Restate exactly the lines that run from the start of the records below to the line containing "좋은 가격 70.0인치", counting both ends, and nothing else; pictures stay out.

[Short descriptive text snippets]

--- START ---

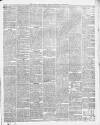 Swansea and Glamorgan Herald Wednesday 29 January 1851 Page 3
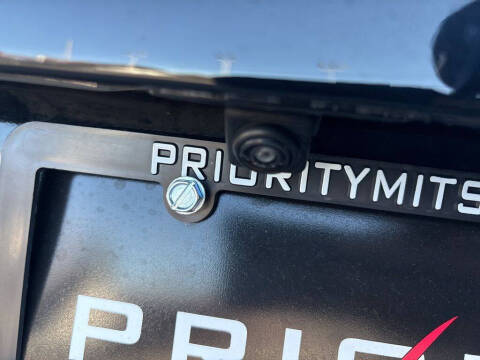 2023 Nissan Sentra S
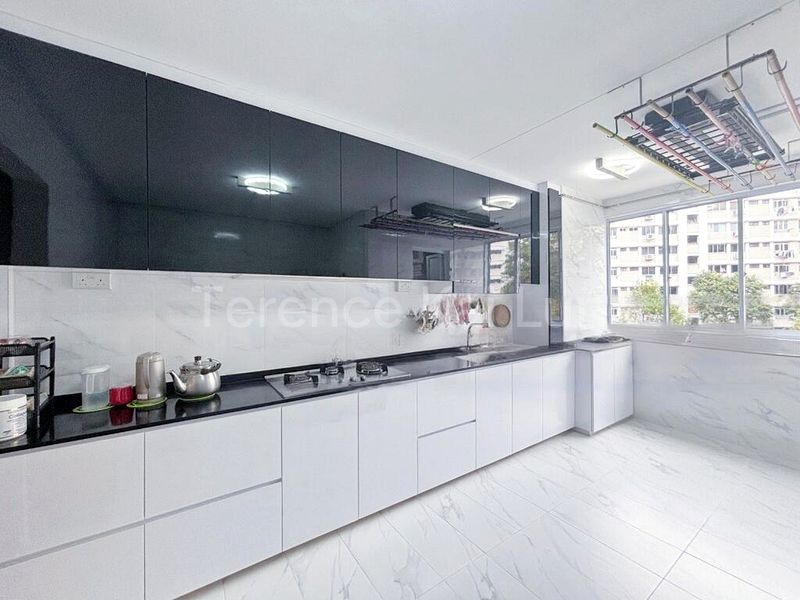 5 Room (5I) HDB for Sale in  940 Jurong West Street 91 - Image 5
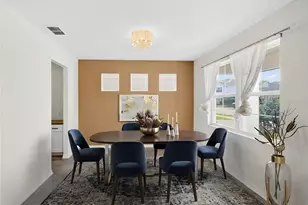 2556 Leyland Cypress Ln, Sanford, FL 32773 - Photo 14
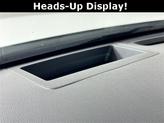 Thumbnail of 2023 Hyper White Hyundai PALISADE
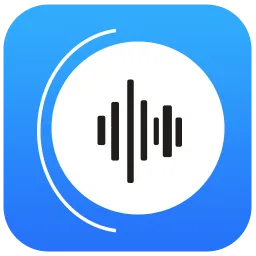 �ֻ�¼������(�ֻ�¼������)v1.1 ��Ѱ�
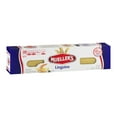 thumbnail image 2 of Mueller's Sodium-Free, Cholesterol-Free Linguine Pasta, 16 oz (Shelf-Stable), 2 of 8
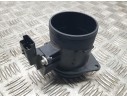 Recambio de caudalimetro para peugeot 508 gt line referencia OEM IAM 9662635680 AFH6038 HITACHI
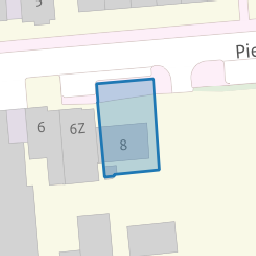 Perceel EMD01-A-5657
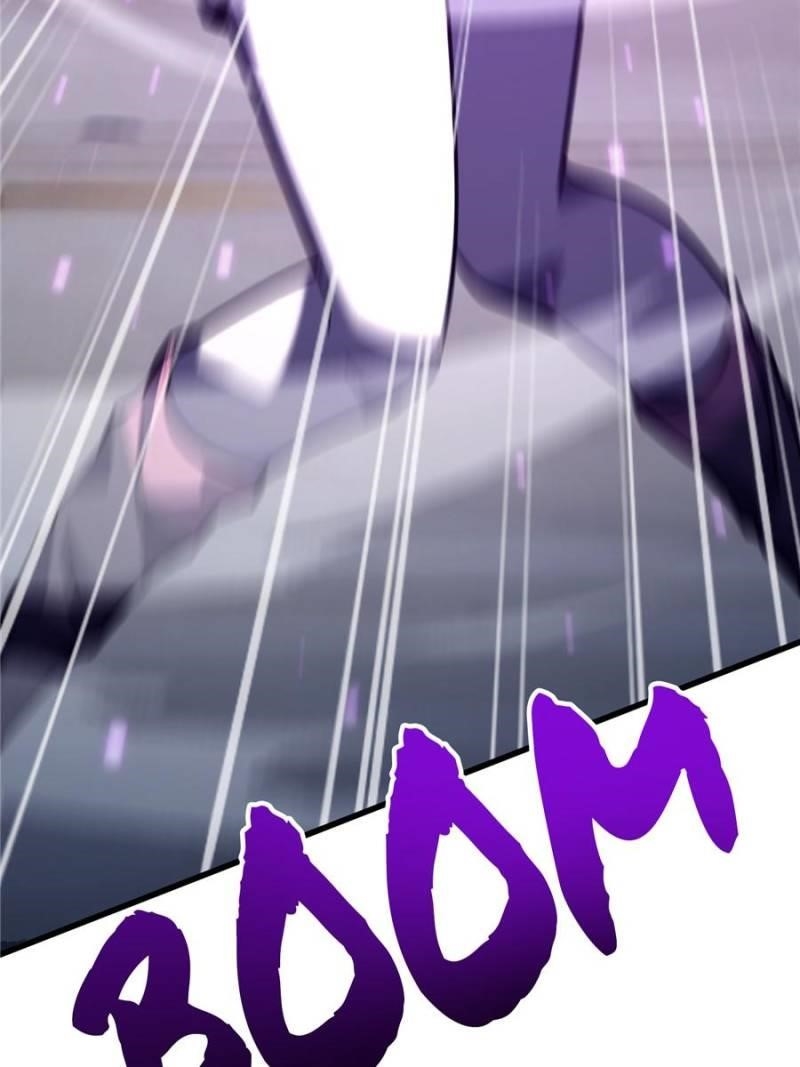 Chapter 59 (Image 12)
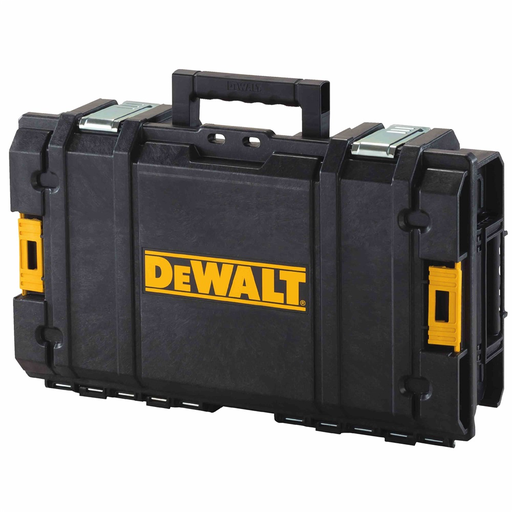 Product image for DeWalt DWST08130 ToughSystem® DS130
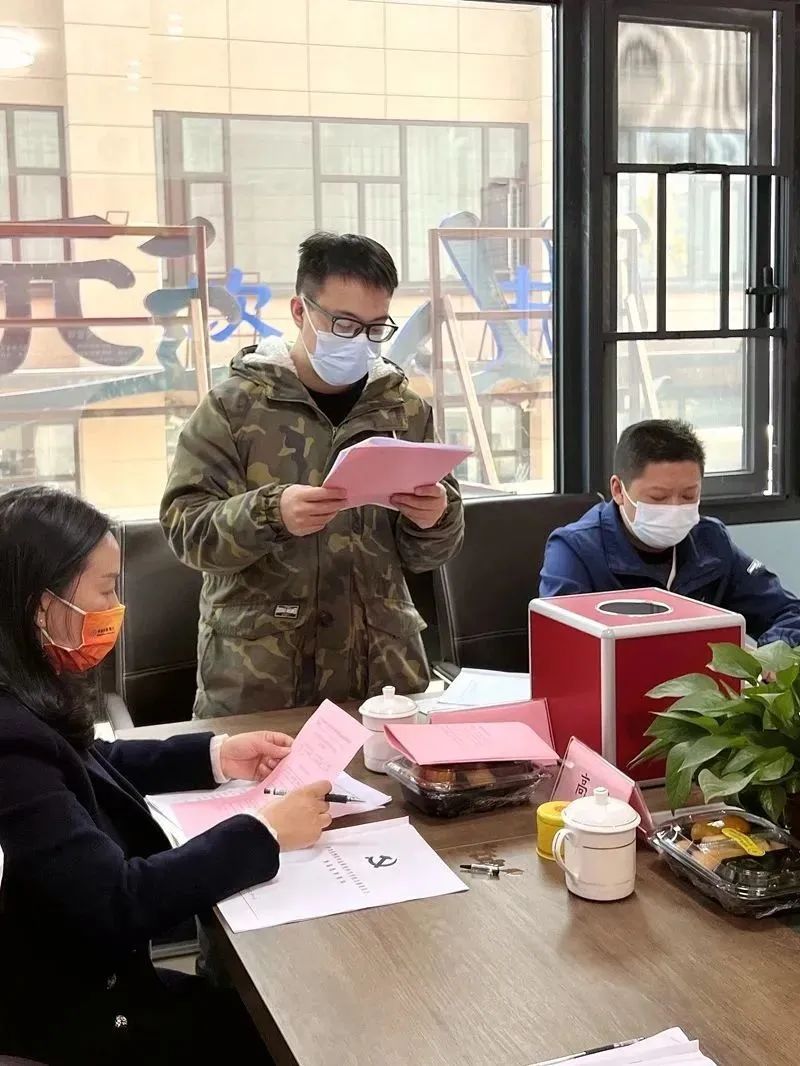 15.jpg 图片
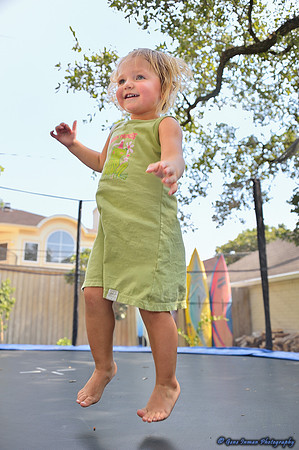 BBQ -GPI_8787.NEF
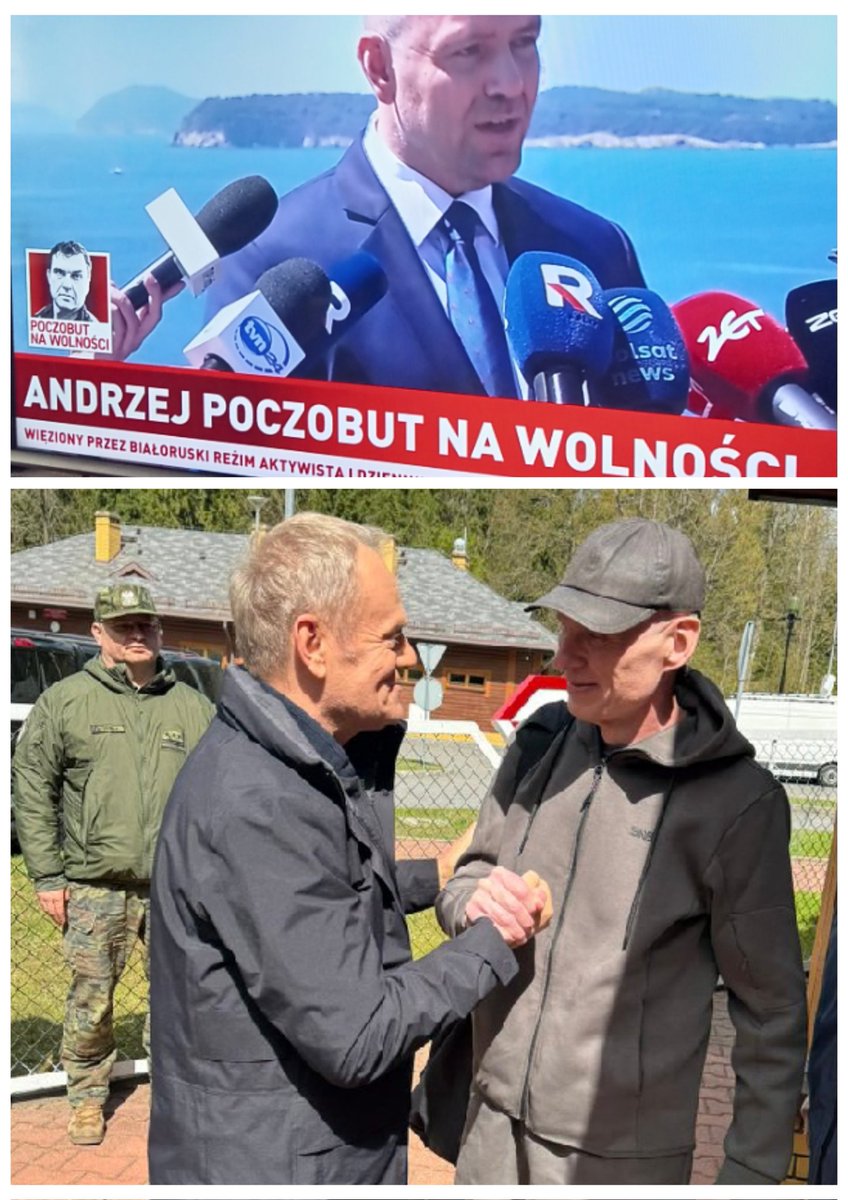 Adam_Karpinski tweet media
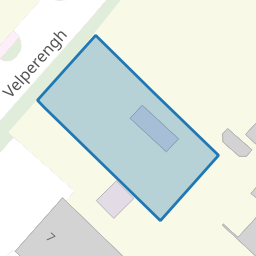 Perceel DOO00-A-7634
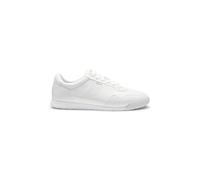 Boss Nitan 10262347 01 Sportschuhe EU 39 White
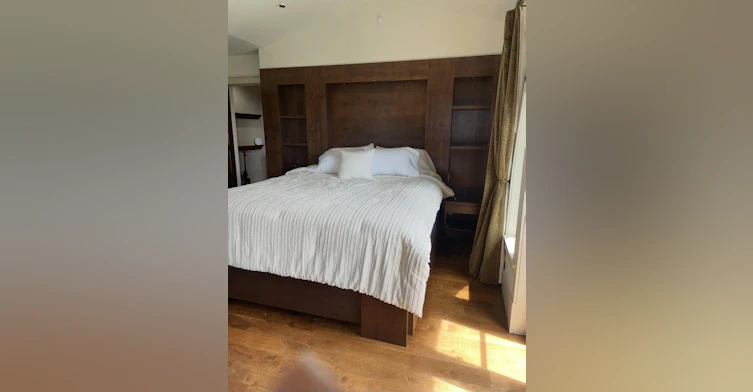 7589 Curtis Street, Burnaby, BC, V5A 4W7 - 27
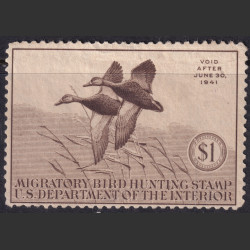 Picture of Lot #55110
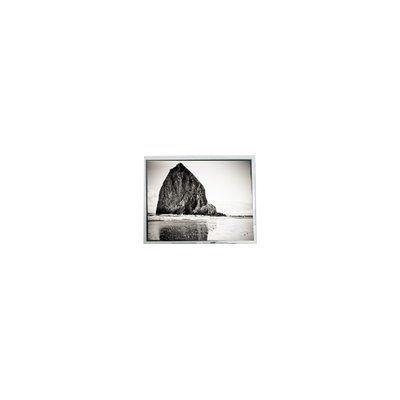 좋은 가격 70.0인치 800*480 PM070WL1 WLED 262K 400 cd/m2 LCD 화면 온라인으로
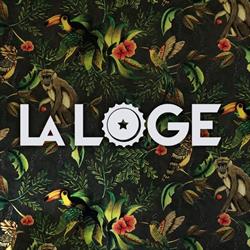 La Loge - Bar Café Restaurant, Vienne - Horaires d'ouverture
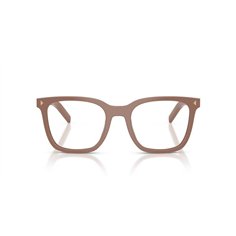 Prada PR B11V 28D1O1 2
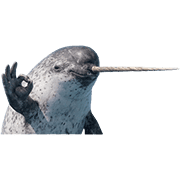 015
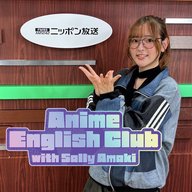 Ep29:あの日見た花の名前を僕達はまだ知らない。/Anohana: The Flower We Saw That Day 「バチなんかじゃねぇよ、俺は行くんだよ！」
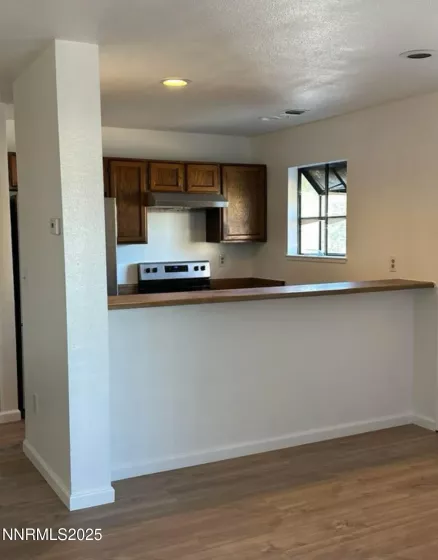 2205 Kietzke, Reno, Nevada 89502, 2 Bedrooms Bedrooms, ,2 BathroomsBathrooms,Residential,Residential,Kietzke,250050968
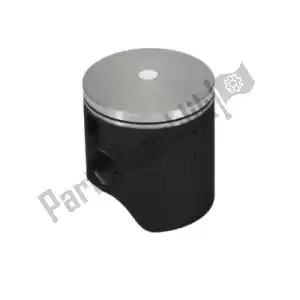 PROX PX013214D kit de pistons sv - La partie au fond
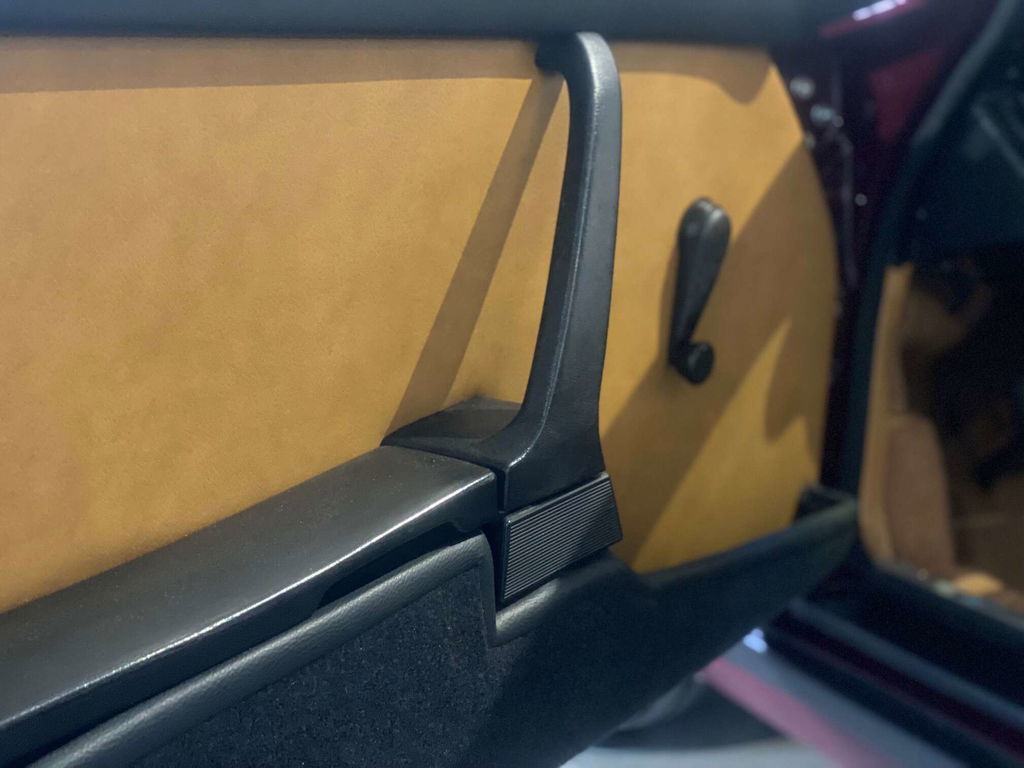 Porsche 911 (G-Modell)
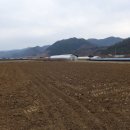 내천 버스승강장 이미지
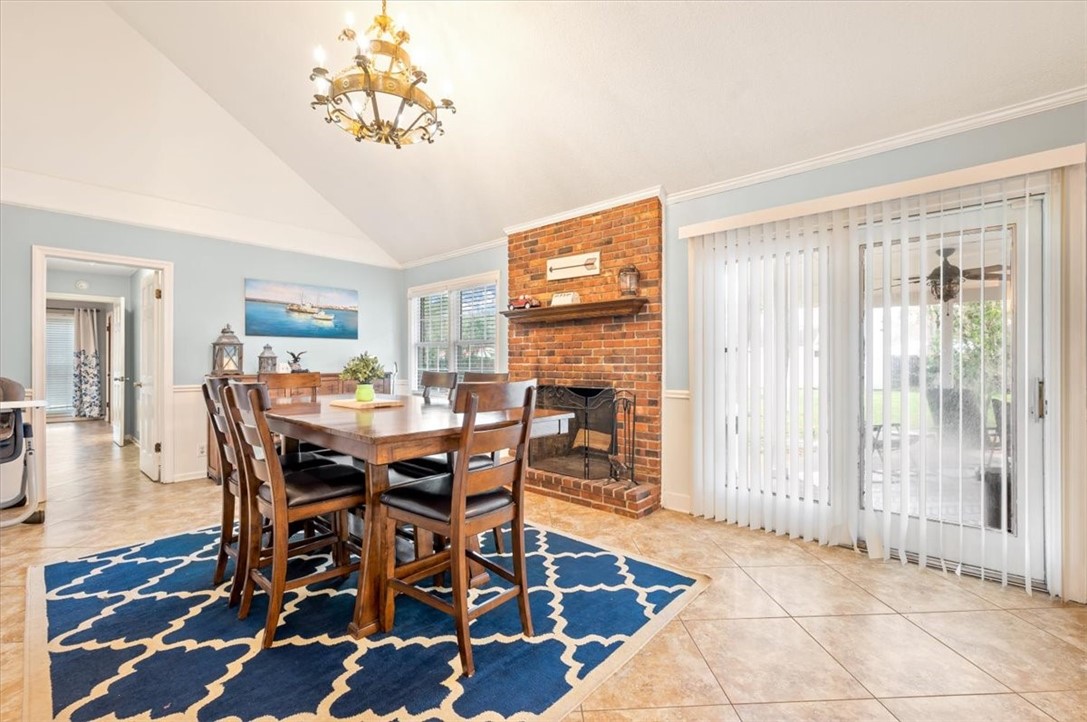 144 King Cotton Road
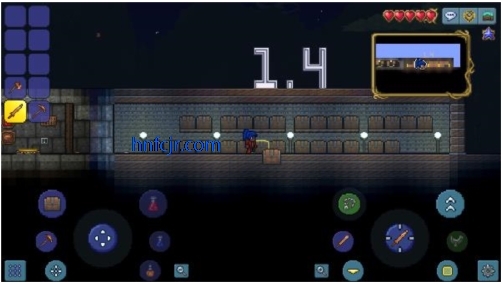 Terraria̩ƽ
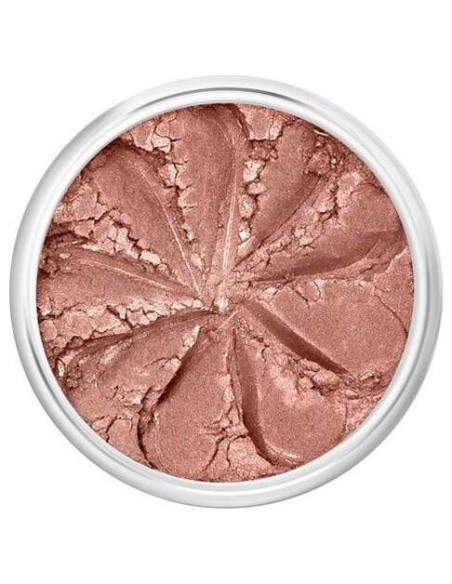 Colorete Mineral Goddess 3Gr.** de Lily Lolo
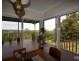 Ravenshoe QLD 4888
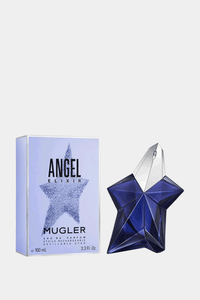 Thumbnail for Thierry Mugler - Angel Elixir Eau de Parfum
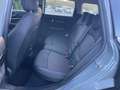 MINI One D Clubman Mini Clubman 1.5 One D Hype Grigio - thumbnail 11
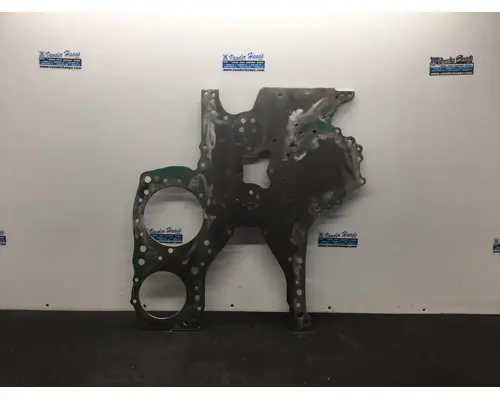 VOLVO D13 Engine Misc. Parts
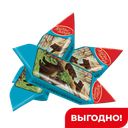 Конфеты Мишка косолапый Красный Октябрь, 1 кг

--- END ---

- **Expected answer**
 Swansea and Glamorgan Herald Wednesday 29 January 1851 Page 3
 2023 Nissan Sentra S
 5 Room (5I) HDB for Sale in  940 Jurong West Street 91 - Image 5
 2556 Leyland Cypress Ln, Sanford, FL 32773 - Photo 14
 Thumbnail of 2023 Hyper White Hyundai PALISADE
 �ֻ�¼������(�ֻ�¼������)v1.1 ��Ѱ�
 thumbnail image 2 of Mueller's Sodium-Free, Cholesterol-Free Linguine Pasta, 16 oz (Shelf-Stable), 2 of 8
 Recambio de caudalimetro para peugeot 508 gt line referencia OEM IAM 9662635680 AFH6038 HITACHI
 Perceel EMD01-A-5657
 Chapter 59 (Image 12)
 Product image for DeWalt DWST08130 ToughSystem® DS130
 15.jpg 图片
 BBQ -GPI_8787.NEF
 Adam_Karpinski tweet media
 Perceel DOO00-A-7634
 Boss Nitan 10262347 01 Sportschuhe EU 39 White
 7589 Curtis Street, Burnaby, BC, V5A 4W7 - 27
 Picture of Lot #55110
 좋은 가격 70.0인치 800*480 PM070WL1 WLED 262K 400 cd/m2 LCD 화면 온라인으로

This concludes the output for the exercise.